Scraped caption text data:
-------------------------
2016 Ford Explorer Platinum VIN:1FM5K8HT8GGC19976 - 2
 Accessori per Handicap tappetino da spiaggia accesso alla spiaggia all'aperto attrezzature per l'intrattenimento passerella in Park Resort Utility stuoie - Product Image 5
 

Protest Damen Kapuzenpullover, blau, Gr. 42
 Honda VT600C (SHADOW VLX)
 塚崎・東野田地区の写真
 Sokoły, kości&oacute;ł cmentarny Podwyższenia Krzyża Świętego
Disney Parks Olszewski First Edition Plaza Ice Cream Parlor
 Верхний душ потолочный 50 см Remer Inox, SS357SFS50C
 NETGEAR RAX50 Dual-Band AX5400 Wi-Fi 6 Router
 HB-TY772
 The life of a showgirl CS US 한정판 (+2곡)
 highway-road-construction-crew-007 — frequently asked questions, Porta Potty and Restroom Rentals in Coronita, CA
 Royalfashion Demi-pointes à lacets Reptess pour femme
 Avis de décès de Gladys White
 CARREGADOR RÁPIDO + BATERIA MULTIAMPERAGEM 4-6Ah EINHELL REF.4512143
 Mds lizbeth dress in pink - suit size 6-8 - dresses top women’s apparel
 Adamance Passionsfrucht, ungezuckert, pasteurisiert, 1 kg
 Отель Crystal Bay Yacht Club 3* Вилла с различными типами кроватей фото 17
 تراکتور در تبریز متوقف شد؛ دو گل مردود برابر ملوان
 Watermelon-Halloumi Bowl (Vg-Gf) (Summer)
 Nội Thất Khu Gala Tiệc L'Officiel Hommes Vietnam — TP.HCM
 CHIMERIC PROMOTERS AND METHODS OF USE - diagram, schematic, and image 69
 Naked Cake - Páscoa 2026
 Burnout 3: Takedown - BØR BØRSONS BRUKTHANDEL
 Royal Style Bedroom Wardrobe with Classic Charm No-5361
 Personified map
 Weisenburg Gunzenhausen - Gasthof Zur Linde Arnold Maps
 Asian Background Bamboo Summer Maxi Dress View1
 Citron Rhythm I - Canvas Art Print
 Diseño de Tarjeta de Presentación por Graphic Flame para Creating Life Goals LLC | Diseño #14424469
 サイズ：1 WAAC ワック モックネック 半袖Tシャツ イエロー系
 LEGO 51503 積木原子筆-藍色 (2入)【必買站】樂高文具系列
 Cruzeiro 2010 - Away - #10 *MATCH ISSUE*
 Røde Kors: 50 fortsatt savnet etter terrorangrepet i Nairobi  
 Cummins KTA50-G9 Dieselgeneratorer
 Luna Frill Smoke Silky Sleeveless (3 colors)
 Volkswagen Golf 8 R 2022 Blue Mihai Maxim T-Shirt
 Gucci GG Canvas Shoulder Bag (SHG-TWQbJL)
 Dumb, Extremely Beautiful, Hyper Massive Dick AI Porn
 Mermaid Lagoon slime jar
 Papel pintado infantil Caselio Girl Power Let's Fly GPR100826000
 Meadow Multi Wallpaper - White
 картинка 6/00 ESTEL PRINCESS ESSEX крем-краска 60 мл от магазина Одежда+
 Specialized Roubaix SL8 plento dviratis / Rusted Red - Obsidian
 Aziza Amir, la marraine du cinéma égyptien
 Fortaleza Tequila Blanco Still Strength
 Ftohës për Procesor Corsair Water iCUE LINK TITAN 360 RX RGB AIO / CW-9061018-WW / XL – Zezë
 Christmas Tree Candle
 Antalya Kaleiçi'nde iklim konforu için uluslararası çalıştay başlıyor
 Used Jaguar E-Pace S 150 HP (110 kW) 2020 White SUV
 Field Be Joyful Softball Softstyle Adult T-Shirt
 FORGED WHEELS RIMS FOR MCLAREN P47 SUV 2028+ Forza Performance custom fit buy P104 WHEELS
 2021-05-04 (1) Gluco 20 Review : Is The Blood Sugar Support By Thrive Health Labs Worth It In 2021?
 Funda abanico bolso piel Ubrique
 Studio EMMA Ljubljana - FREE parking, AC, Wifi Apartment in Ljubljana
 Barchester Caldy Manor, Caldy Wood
-------------------------
§ **TASK INSTRUCTIONS**
Tell how many lines of the records above hold "White", giving the number and nothing else.

§ **RESULT BELOW**
3